**Work order:**
Could you give the data that follows again exactly, without its pictures?

**Information shown:**
==================================================

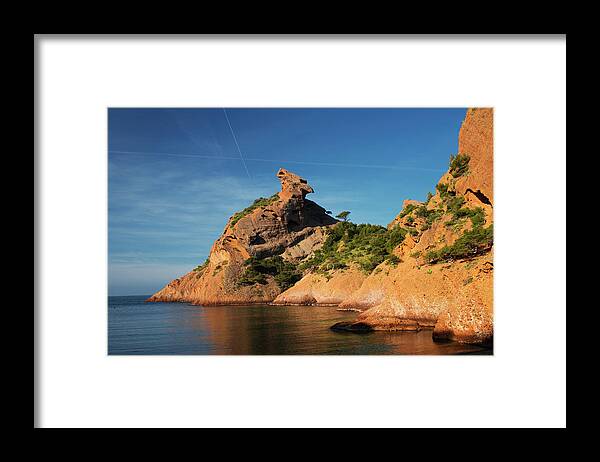 Calanques Framed Print featuring the photograph Calanque de Figuerolles, Provence, France by Jean Gill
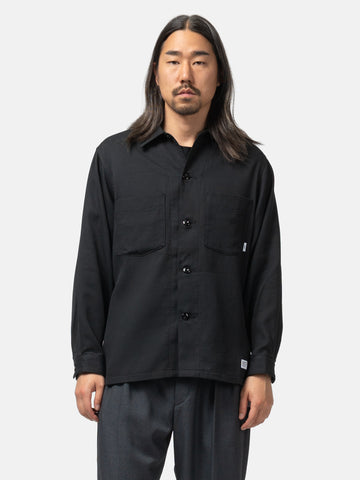 WTAPS Cbw / LS / Cotton. Twill Black, Shirts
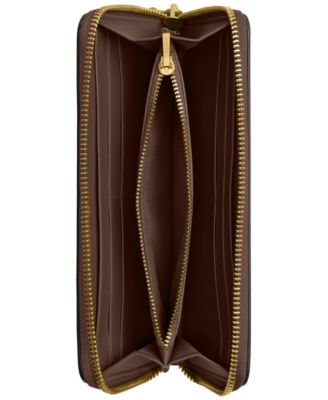 Essential Slim Accordion Leather Zip Around Wallet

==================================================

**Result of this task:**
 Calanques Framed Print featuring the photograph Calanque de Figuerolles, Provence, France by Jean Gill
 WTAPS Cbw / LS / Cotton. Twill Black, Shirts
 Essential Slim Accordion Leather Zip Around Wallet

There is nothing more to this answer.